Alors que l’IA étend son rôle dans notre vie quotidienne, les gouvernements du monde entier sont pressés d’adopter leur propre ensemble de réglementations. L’objectif est d’atténuer les risques liés à l’IA pour les citoyens et d’ouvrir la voie à un développement fiable de l’IA. Les États-Unis ont été les premiers à présenter la Déclaration des droits de l’IA comme un ensemble de principes pour un déploiement sûr de l’IA. Elle a ensuite été suivie par l’UE avec la loi sur l’IA.
Alors que la réglementation de l’IA aux États-Unis continue de changer de mains entre les législateurs, les négociateurs du Parlement et du Conseil de l’UE sont parvenus à un accord vital pour réglementer l’IA sur le continent.
Selon le Washington Post (via Engadget), un débat de 72 heures entre négociateurs a abouti à un accord historique.
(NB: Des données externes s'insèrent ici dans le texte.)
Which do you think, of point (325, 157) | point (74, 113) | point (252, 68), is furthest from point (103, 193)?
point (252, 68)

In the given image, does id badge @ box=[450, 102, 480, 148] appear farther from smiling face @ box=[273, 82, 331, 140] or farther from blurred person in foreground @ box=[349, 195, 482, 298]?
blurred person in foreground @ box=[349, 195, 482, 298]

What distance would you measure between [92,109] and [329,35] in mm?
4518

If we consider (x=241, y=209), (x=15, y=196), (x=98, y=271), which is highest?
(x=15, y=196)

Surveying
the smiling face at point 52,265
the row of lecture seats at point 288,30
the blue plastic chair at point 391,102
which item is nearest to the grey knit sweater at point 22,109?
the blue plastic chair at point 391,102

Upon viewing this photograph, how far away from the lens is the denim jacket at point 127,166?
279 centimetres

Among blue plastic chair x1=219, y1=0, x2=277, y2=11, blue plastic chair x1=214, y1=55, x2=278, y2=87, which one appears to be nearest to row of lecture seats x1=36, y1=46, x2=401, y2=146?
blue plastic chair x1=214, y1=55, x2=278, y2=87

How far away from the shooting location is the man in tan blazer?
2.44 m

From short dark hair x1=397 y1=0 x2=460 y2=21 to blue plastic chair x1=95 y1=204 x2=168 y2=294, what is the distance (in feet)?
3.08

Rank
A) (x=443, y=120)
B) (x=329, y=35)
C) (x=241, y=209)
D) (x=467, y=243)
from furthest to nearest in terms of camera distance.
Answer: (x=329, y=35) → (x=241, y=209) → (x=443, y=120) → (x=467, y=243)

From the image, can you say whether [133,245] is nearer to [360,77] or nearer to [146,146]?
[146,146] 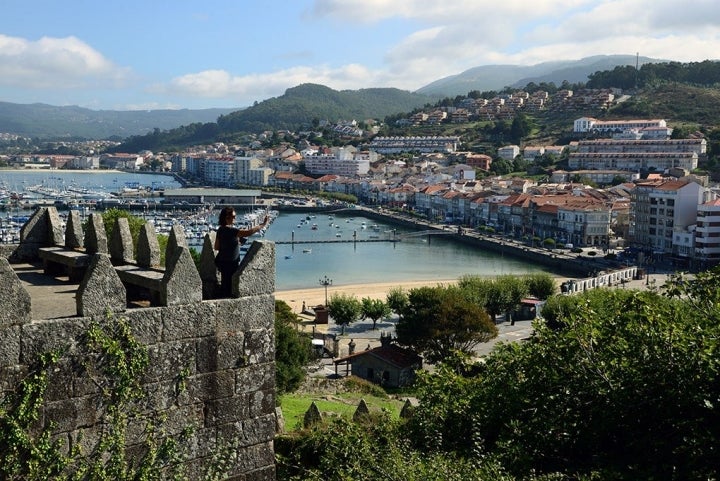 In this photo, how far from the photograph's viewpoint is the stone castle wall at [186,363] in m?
3.26

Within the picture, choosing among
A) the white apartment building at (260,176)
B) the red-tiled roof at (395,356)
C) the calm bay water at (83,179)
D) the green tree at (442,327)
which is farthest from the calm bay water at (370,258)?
the calm bay water at (83,179)

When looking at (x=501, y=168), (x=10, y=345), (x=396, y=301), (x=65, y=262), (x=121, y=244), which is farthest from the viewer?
(x=501, y=168)

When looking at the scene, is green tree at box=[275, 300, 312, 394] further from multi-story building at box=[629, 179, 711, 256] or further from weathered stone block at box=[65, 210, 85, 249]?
multi-story building at box=[629, 179, 711, 256]

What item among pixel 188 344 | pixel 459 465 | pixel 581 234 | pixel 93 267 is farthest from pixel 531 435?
pixel 581 234

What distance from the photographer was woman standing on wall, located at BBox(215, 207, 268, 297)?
418 centimetres

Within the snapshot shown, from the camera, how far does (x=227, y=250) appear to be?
4.26 meters

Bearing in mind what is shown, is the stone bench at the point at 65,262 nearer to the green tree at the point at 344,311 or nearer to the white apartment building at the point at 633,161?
the green tree at the point at 344,311

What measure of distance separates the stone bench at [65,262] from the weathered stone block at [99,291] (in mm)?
1349

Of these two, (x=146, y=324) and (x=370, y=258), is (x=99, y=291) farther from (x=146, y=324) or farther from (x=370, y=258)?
(x=370, y=258)

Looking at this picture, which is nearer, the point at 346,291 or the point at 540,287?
the point at 540,287

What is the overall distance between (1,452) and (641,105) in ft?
448

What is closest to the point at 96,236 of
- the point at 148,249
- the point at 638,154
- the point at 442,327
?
the point at 148,249

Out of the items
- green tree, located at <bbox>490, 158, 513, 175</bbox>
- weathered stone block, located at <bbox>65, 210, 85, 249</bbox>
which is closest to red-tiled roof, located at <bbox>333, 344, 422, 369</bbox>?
weathered stone block, located at <bbox>65, 210, 85, 249</bbox>

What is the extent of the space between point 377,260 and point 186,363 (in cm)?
5435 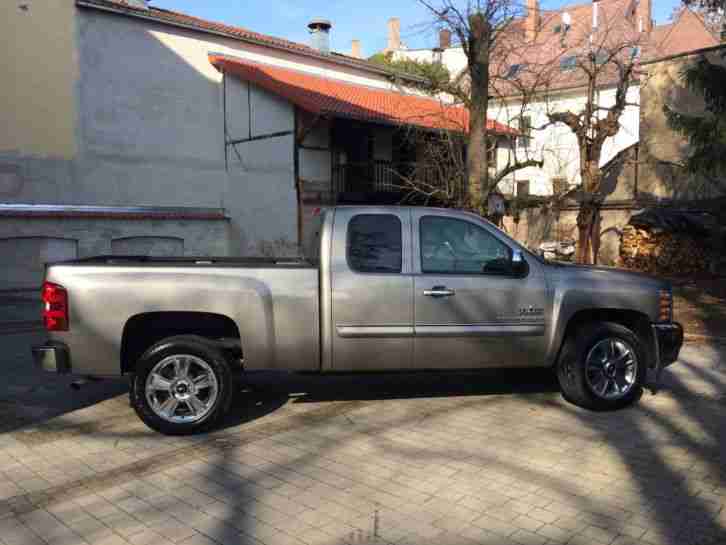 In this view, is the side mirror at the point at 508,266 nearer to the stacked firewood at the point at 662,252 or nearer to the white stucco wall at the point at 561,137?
the stacked firewood at the point at 662,252

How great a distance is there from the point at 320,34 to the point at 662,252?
14875mm

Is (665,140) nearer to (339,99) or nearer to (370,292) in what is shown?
(339,99)

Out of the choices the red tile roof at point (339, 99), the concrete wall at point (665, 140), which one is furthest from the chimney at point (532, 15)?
the concrete wall at point (665, 140)

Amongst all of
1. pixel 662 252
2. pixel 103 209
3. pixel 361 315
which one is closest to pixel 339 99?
pixel 103 209

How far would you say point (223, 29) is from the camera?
20.3 m

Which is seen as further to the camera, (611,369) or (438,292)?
(611,369)

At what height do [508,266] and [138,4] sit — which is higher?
[138,4]

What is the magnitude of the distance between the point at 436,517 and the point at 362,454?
A: 1143mm

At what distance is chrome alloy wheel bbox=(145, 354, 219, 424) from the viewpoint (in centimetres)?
527

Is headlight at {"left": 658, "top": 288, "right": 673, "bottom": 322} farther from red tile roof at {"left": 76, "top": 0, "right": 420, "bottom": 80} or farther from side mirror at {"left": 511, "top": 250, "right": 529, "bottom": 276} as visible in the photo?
red tile roof at {"left": 76, "top": 0, "right": 420, "bottom": 80}

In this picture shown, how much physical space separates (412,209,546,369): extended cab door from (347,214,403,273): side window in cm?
17

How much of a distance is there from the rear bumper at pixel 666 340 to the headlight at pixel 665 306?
6 centimetres

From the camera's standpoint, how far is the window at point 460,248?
18.6 ft

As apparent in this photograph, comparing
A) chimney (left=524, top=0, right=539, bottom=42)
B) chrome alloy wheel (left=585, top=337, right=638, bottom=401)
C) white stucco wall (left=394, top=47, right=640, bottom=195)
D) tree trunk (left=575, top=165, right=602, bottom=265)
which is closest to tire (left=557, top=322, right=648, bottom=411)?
chrome alloy wheel (left=585, top=337, right=638, bottom=401) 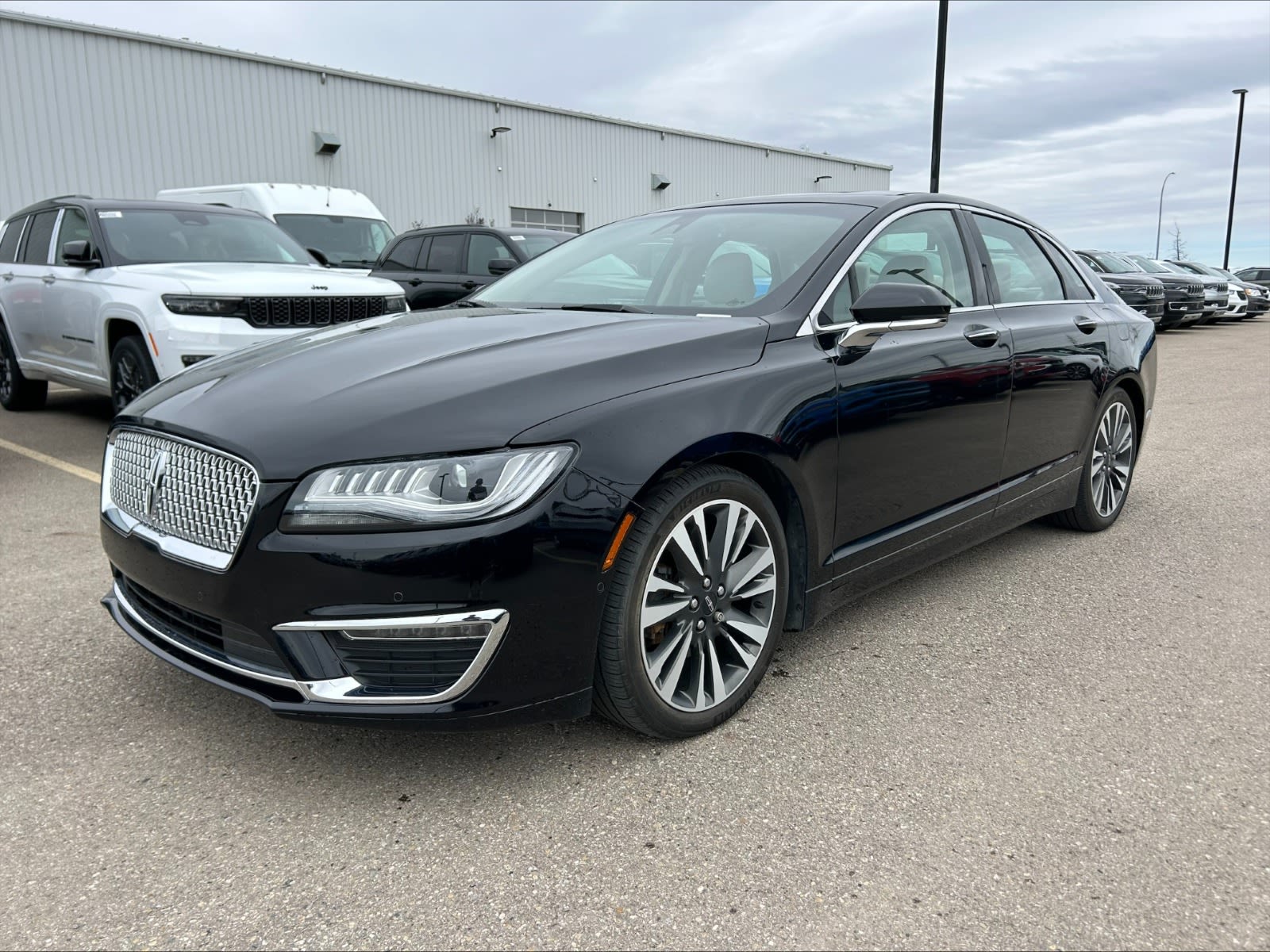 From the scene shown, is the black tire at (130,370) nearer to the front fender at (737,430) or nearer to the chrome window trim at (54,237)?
the chrome window trim at (54,237)

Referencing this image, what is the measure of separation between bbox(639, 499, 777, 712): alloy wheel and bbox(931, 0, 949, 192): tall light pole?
1412cm

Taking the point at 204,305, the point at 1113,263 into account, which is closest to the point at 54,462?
the point at 204,305

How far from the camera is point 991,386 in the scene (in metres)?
3.72

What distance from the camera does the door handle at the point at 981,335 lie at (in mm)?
3688

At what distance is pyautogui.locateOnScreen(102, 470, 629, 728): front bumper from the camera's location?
2230 millimetres

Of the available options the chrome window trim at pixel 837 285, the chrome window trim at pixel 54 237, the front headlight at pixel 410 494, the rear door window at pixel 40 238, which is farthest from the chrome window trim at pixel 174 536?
the rear door window at pixel 40 238

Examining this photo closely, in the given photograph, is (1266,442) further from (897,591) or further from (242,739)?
(242,739)

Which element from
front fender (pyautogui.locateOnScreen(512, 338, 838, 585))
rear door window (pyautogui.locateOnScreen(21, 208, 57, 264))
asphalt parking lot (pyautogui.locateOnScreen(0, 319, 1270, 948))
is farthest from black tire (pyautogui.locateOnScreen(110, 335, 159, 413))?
front fender (pyautogui.locateOnScreen(512, 338, 838, 585))

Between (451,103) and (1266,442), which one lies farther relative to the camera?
(451,103)

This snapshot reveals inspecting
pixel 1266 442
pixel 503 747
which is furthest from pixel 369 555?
pixel 1266 442

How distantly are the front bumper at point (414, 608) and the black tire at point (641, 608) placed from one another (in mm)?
63

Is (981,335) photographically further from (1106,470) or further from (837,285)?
(1106,470)

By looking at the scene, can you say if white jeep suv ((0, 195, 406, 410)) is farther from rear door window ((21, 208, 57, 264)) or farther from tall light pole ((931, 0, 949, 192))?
tall light pole ((931, 0, 949, 192))

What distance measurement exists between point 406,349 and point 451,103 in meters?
22.2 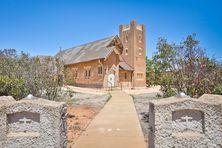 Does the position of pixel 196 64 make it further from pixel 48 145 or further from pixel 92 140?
pixel 48 145

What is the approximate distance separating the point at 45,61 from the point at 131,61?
2819 cm

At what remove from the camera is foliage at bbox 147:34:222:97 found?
8.23m

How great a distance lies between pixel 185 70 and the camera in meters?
8.66

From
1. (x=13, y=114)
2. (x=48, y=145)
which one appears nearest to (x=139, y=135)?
(x=48, y=145)

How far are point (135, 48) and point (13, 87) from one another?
97.3 ft

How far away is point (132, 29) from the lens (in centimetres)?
3741

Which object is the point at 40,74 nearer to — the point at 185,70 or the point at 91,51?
the point at 185,70

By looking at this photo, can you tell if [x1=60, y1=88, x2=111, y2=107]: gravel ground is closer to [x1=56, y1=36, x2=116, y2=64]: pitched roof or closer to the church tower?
[x1=56, y1=36, x2=116, y2=64]: pitched roof

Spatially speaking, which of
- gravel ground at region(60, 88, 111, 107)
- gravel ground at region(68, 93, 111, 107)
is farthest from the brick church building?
gravel ground at region(60, 88, 111, 107)

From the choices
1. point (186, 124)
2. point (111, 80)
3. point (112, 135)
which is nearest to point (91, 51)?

Cet accord est considéré comme le plus complet du genre. L’accord a été conclu alors que des pays comme la France, l’Allemagne et l’Italie craignaient que l’adoption de nouvelles lois n’empêche les membres de l’UE de développer des technologies d’IA de pointe.
L’UE fait un grand pas en avant dans la réglementation de l’IA sur le continent
La nouvelle législation propose essentiellement un ensemble de lignes directrices pour les organisations qui souhaitent s’appuyer sur l’IA pour leur travail. Par exemple, les réglementations proposées interdisent aux entités d’utiliser l’IA pour concevoir des systèmes de catégorisation biométrique. De tels systèmes pourraient être utilisés pour cibler des civils en fonction de leurs convictions philosophiques, politiques, religieuses, etc.
De plus, l’utilisation de l’IA pour créer des bases de données de reconnaissance faciale et exploiter les vulnérabilités des personnes est interdite. Selon la nouvelle législation de l’UE, la conception de systèmes d’IA pour manipuler le comportement humain, la conception de systèmes de notation sociale et le lancement de la reconnaissance des émotions sur le lieu de travail sont d’autres exemples d’applications d’IA interdites.
Les législateurs ont envisagé certaines exemptions permettant aux forces de l’ordre d’utiliser des systèmes d’identification biométrique (RBI). Le RBI serait utilisé dans des cas tels que la recherche de victimes d’enlèvement, de traite et d’exploitation sexuelle. D’autres utilisations consistent à retrouver des criminels et à prévenir une attaque terroriste. La plupart des détails de la nouvelle législation restent secrets. Cependant, les députés ont également soumis les systèmes d’IA généraux et à haut risque à un ensemble de règles visant à protéger les droits des civils.